(Beginning of Data for processing)

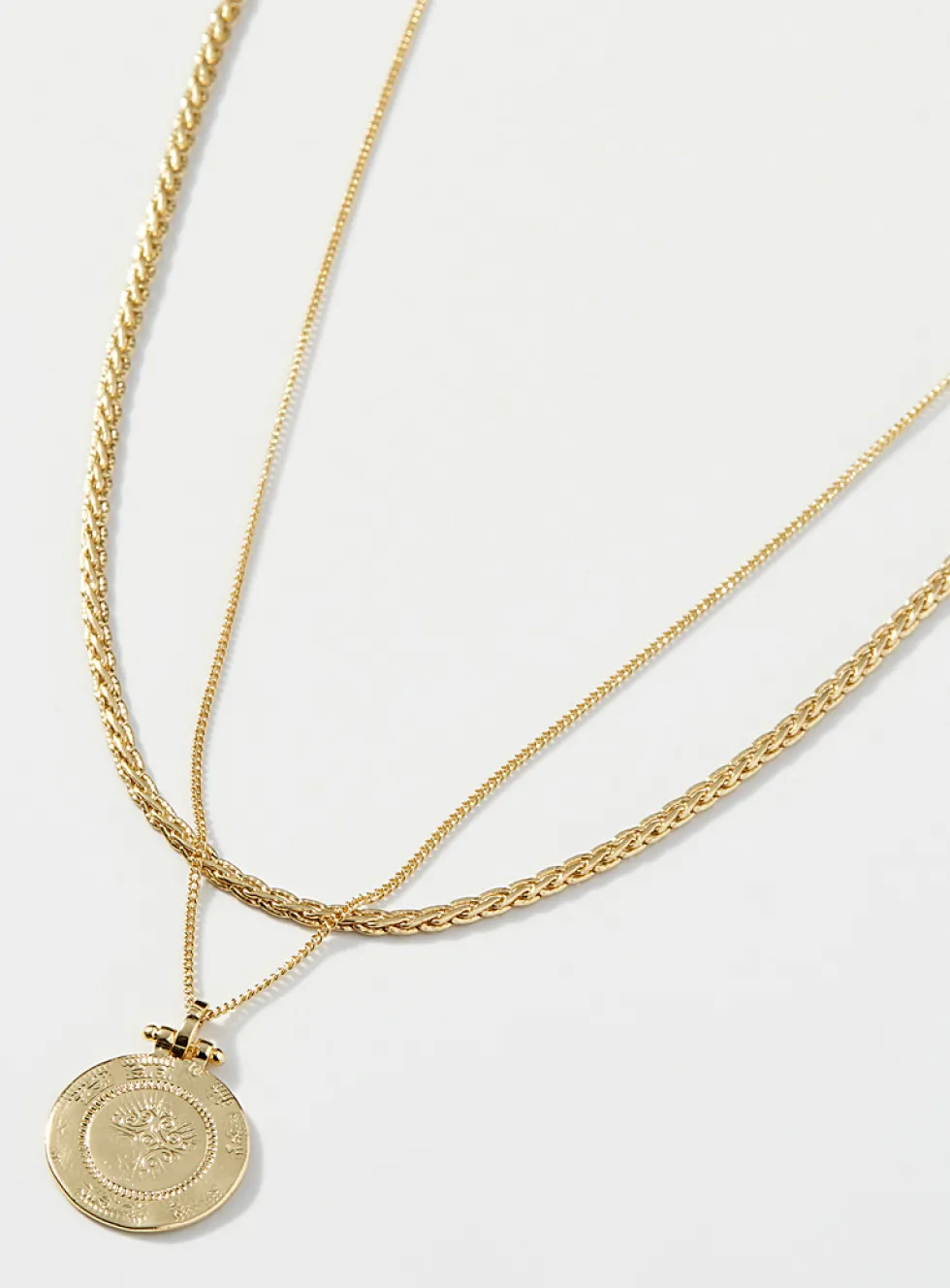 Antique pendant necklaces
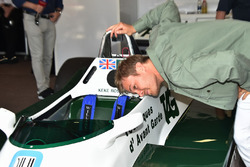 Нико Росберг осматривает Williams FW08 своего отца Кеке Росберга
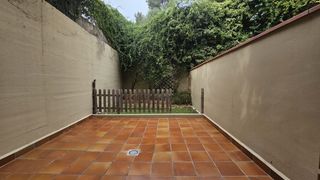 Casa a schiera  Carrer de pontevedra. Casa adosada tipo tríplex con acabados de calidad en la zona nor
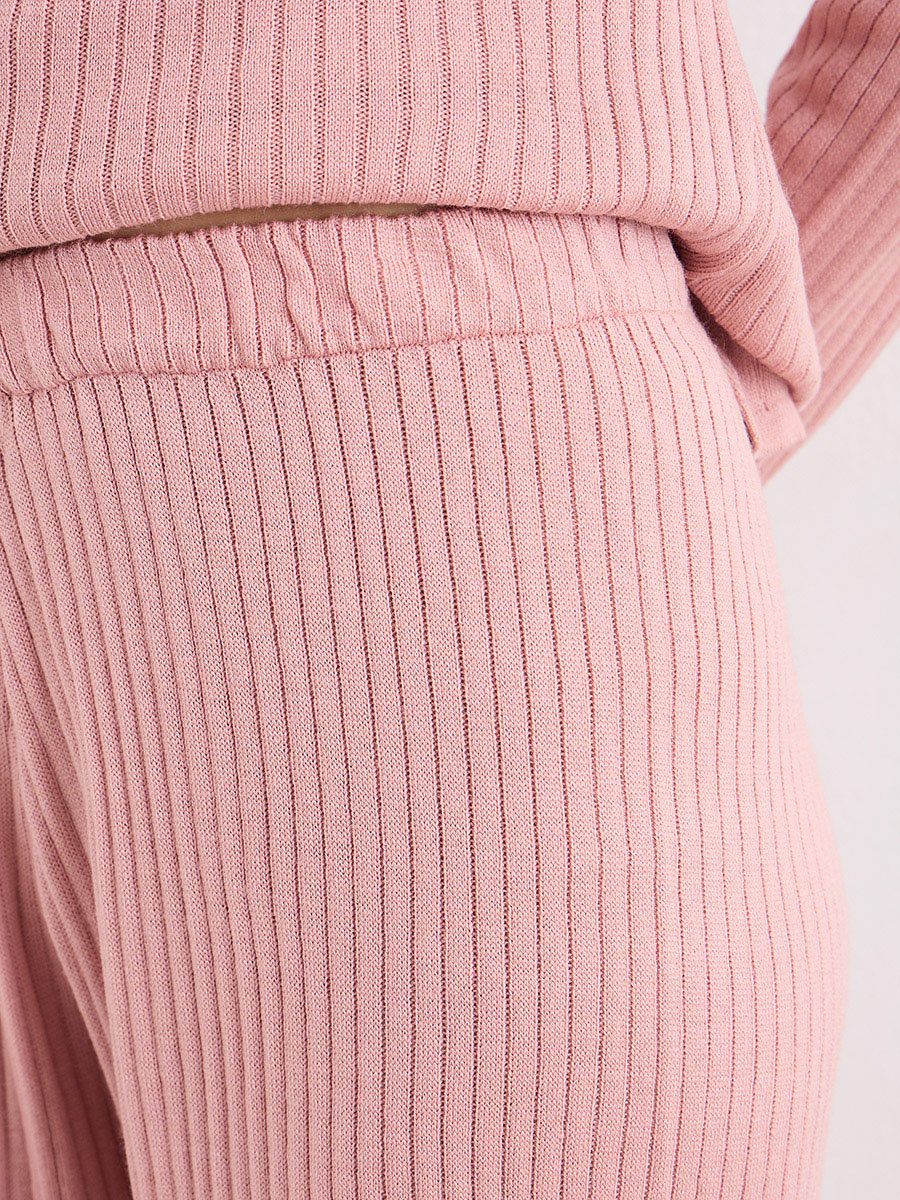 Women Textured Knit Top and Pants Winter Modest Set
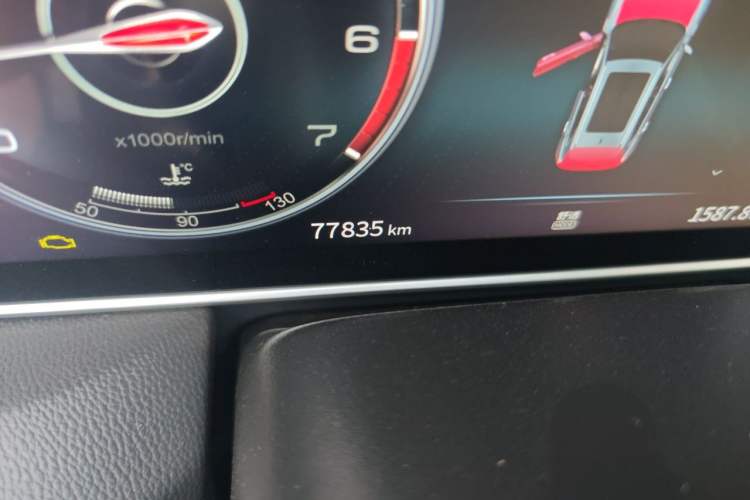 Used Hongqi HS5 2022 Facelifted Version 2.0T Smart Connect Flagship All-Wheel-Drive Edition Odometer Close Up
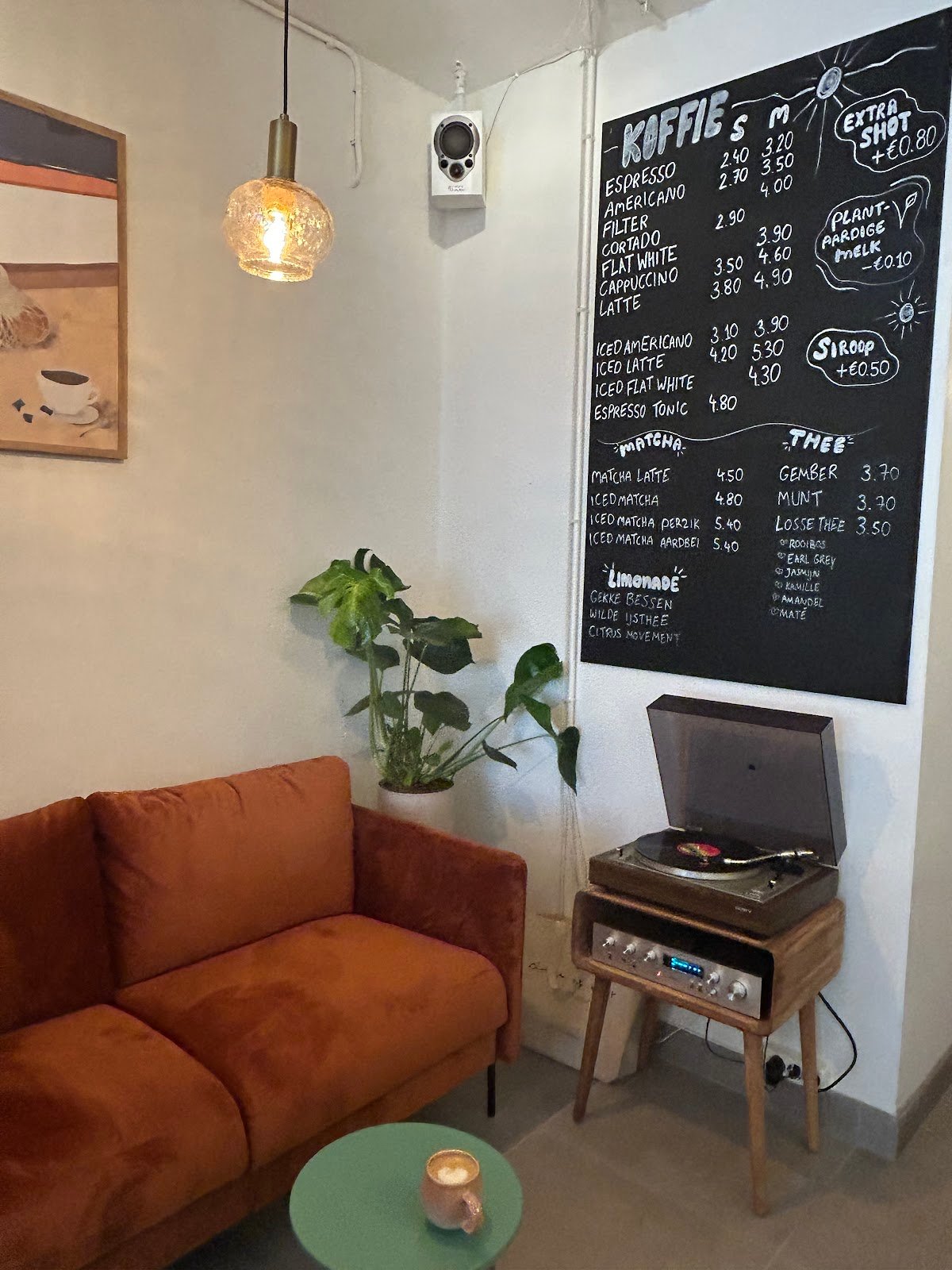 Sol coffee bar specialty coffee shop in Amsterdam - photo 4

(End of Data for processing)

The problem = Go through the entries above and write them out again exactly, images left behind.

Output for this exercise =
 Antique pendant necklaces
 Нико Росберг осматривает Williams FW08 своего отца Кеке Росберга
 Casa a schiera  Carrer de pontevedra. Casa adosada tipo tríplex con acabados de calidad en la zona nor
 Women Textured Knit Top and Pants Winter Modest Set
 Used Hongqi HS5 2022 Facelifted Version 2.0T Smart Connect Flagship All-Wheel-Drive Edition Odometer Close Up
 Sol coffee bar specialty coffee shop in Amsterdam - photo 4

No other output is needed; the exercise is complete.